Have you tried training or inferring the models at a lower precision? What is the performance loss for that?
Hi @King-Rafat!
Based on my (rather limited) experiments, training SONAR models at half precision (float16
) can be sometimes unstable when computing cross-entropy loss for the decoder. So I would probably recommend float32
or some mixed precision for training.
However, the inference of SONAR text models in float16
seems to be totally fine.
The code snippet below illustrated how SONAR translation quality isn't affected by quantization.
Example
import datasets
import torch
from sacrebleu import BLEU
from sonar.inference_pipelines.text import TextToEmbeddingModelPipeline, EmbeddingToTextModelPipeline
# loading the models to GPU (by default, they are in float32 precision)
device = torch.device("cuda")
t2vec_model = TextToEmbeddingModelPipeline(encoder="text_sonar_basic_encoder",
tokenizer="text_sonar_basic_encoder", device=device)
vec2text_model = EmbeddingToTextModelPipeline(decoder="text_sonar_basic_decoder",
tokenizer="text_sonar_basic_encoder", device=device)

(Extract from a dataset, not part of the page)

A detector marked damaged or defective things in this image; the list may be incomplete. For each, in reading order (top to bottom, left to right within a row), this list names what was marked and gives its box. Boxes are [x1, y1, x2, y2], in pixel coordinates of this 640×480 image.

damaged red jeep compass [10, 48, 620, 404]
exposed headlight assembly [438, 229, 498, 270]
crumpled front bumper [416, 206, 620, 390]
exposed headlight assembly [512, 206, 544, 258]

# setting the test dataset
src_lang, tgt_lang = "eng_Latn", "fra_Latn"
lang2flores = {
lang: datasets.load_dataset("facebook/flores", lang, trust_remote_code=True)
for lang in [src_lang, tgt_lang]
}
source = lang2flores[src_lang]['dev']['sentence']

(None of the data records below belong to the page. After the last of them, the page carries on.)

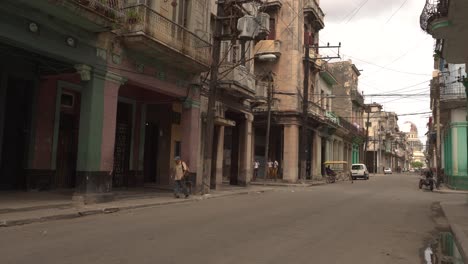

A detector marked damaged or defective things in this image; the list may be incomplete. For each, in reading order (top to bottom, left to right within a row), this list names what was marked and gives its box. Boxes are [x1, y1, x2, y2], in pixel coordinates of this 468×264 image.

rusty balcony [14, 0, 126, 32]
rusty balcony [304, 0, 326, 30]
rusty balcony [420, 0, 450, 38]
rusty balcony [123, 5, 213, 72]
rusty balcony [254, 40, 280, 59]
rusty balcony [218, 64, 256, 99]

target = lang2flores[tgt_lang]['dev']['sentence']
# computing the embeddings in two precisions
embs_32 = t2vec_model.predict(source, source_lang=src_lang, batch_size=32, progress_bar=True)
t2vec_model.half();
embs_16 = t2vec_model.predict(source, source_lang=src_lang, batch_size=32, progress_bar=True)
# translating each embeddings matrix into French in two precisions
pred_32x32 = vec2text_model.predict(embs_32, target_lang=tgt_lang, batch_size=32, progress_bar=True)

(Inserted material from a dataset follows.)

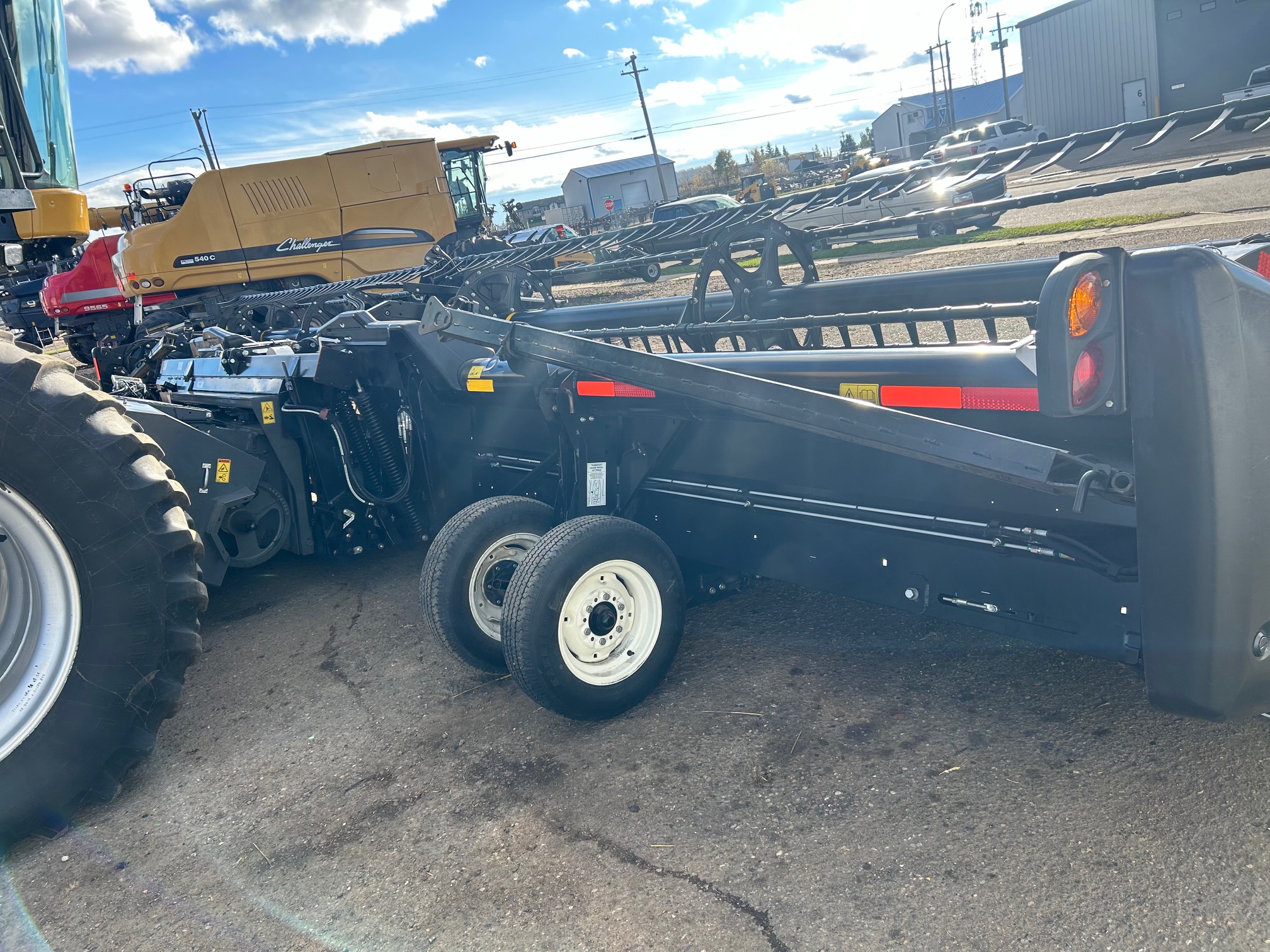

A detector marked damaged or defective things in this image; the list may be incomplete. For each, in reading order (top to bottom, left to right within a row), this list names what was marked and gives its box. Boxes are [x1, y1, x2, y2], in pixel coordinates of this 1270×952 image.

cracked pavement [2, 548, 1270, 949]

pred_16x32 = vec2text_model.predict(embs_16.to(torch.float32), target_lang=tgt_lang, batch_size=32, progress_bar=True)
vec2text_model.half();
pred_32x16 = vec2text_model.predict(embs_32.to(torch.float16), target_lang=tgt_lang, batch_size=32, progress_bar=True)
pred_16x16 = vec2text_model.predict(embs_16.to(torch.float16), target_lang=tgt_lang, batch_size=32, progress_bar=True)
# evaluating the quality (higher BLEU <=> better)
bleu_calc = BLEU()
print(bleu_calc.corpus_score(pred_32x32, [target]).score) # 45.35502456250957
print(bleu_calc.corpus_score(pred_16x32, [target]).score) # 45.41064939316419
print(bleu_calc.corpus_score(pred_32x16, [target]).score) # 45.385803594567314
print(bleu_calc.corpus_score(pred_16x16, [target]).score) # 45.42170584536023
Also, there is evidence that NLLB models can be quantized (e.g. with ctranslate2) even to int8
representations without serious performance degradations. And SONAR text models are essentially a fine-tuned NLLB model (but with a fixed-size representation bottleneck), so I would expect them to be quantizable to int8
as well.
Hi @avidale, thank you for your feedback!